WHAT THIS TASK INVOLVES: Starting at the line that contains "Futbolda heyecan Cumhuriyet için", write out every line through the end of the records exactly as it stands, and leave out all pictures.

DATA FOR REVIEW:
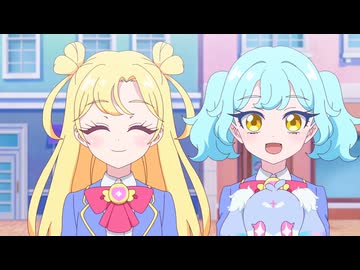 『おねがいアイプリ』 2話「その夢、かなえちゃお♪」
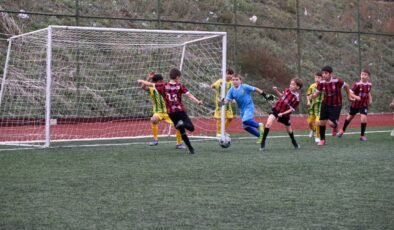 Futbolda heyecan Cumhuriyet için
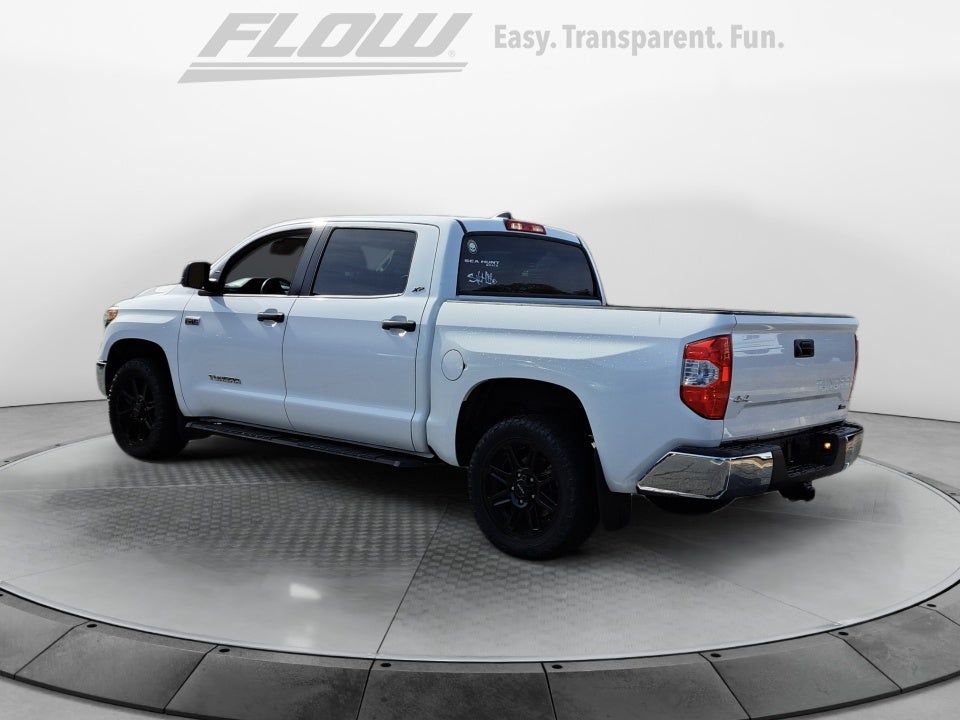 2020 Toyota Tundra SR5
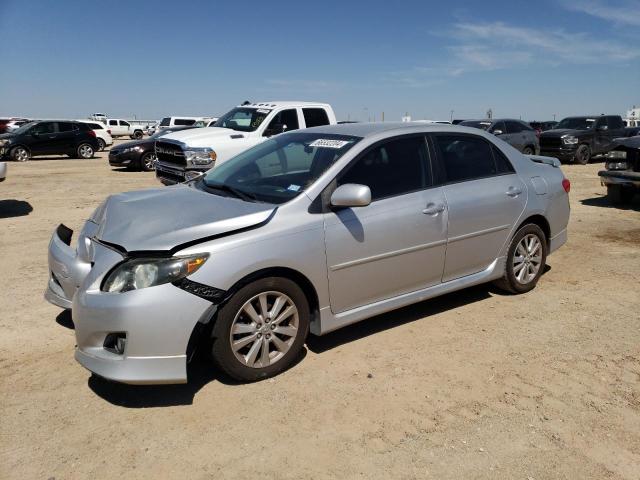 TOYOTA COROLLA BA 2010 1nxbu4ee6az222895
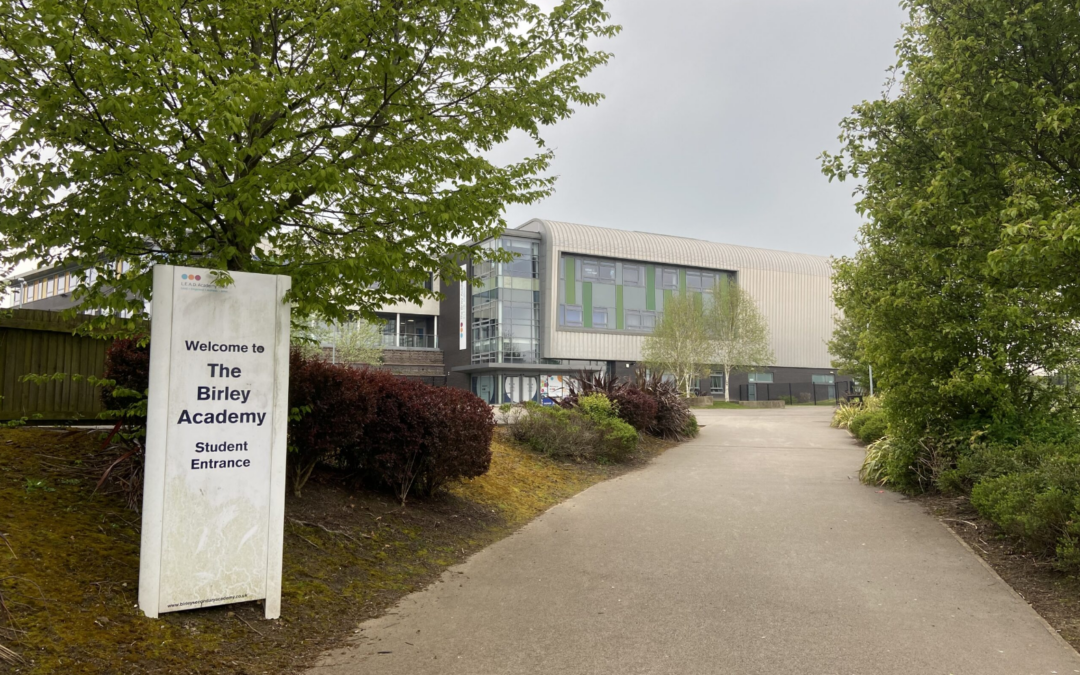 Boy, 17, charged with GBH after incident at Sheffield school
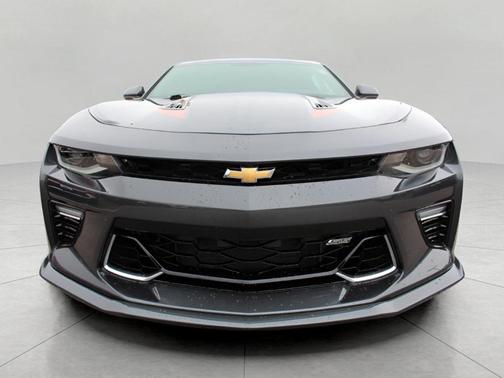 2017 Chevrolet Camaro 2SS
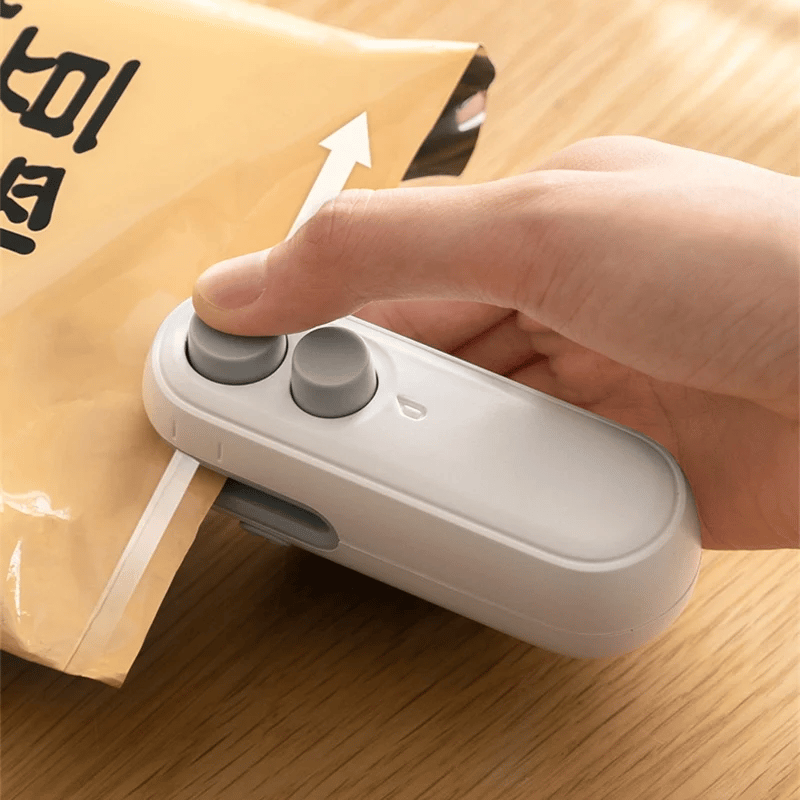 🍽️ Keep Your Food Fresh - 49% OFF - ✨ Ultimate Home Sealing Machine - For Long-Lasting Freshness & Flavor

PROBLEM SOLUTION:
 Futbolda heyecan Cumhuriyet için
 2020 Toyota Tundra SR5
 TOYOTA COROLLA BA 2010 1nxbu4ee6az222895
 Boy, 17, charged with GBH after incident at Sheffield school
 2017 Chevrolet Camaro 2SS
 🍽️ Keep Your Food Fresh - 49% OFF - ✨ Ultimate Home Sealing Machine - For Long-Lasting Freshness & Flavor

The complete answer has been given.